Most children’s movie characters are objectively annoying to adults, but “The Smurfs” may be the first to make that annoyingness a stated part of the film itself. As their accidental human guardian, Neil Patrick Harris spends much of the film complaining about the little blue creatures squatting at his place. After all, who wouldn’t be a little ticked off about a bunch of miniature blue guys who sang insipid songs and shoehorned the word “Smurf” into every sentence — especially if they kept trying to teach you lessons?
The Smurfs are in Harris’ Manhattan apartment ostensibly because of a magical portal that’s transplanted them from their world to our own, but really because sending your characters to New York is just what you do in kids movies when you don’t want to send them to a high school. Following the cerulean creatures through the portal is the evil sorcerer Gargamel (Hank Azaria), who wants to collect their essence as fuel for his dark magic. As they tend to, colorful hijinx ensue. The ones for kids involve Gargamel’s cat, the ones for adults involve Harris’ job — marketing for a cosmetics company. The adults get the short end of the stick.

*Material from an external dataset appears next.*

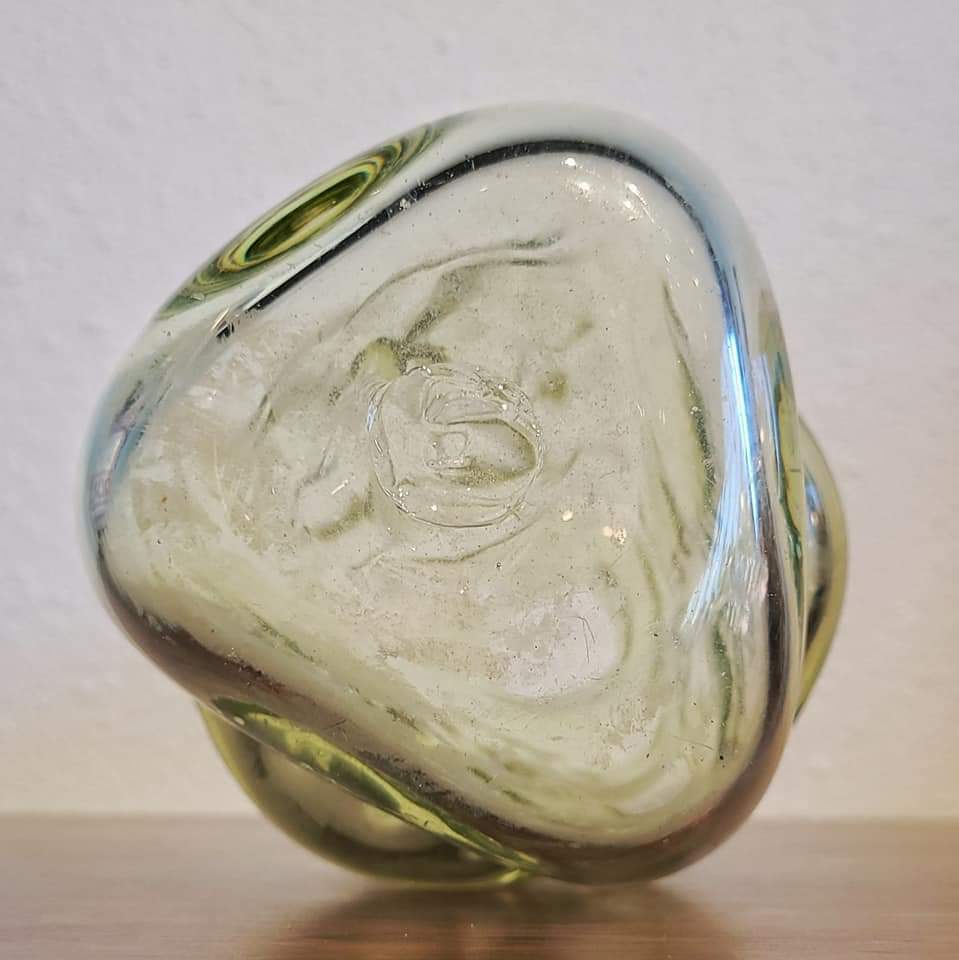 RARE WAYNE HUSTED BIOMORPHIC GLASS VASE Nr. 5422 FOR BLENKO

The humans give committed performances, but the Smurfs themselves are mostly interchangeable. (Is it even possible to have a favorite Smurf? They’re basically a hive mind.) It’s tempting to wonder why the film was made, until you get to the scenes where the Smurfs stand around admiring the brand-name billboards in Times Square, or when the movie stops so Harris and the blue guys can play Rock Band for what feels like 10 minutes. Then you have your answer.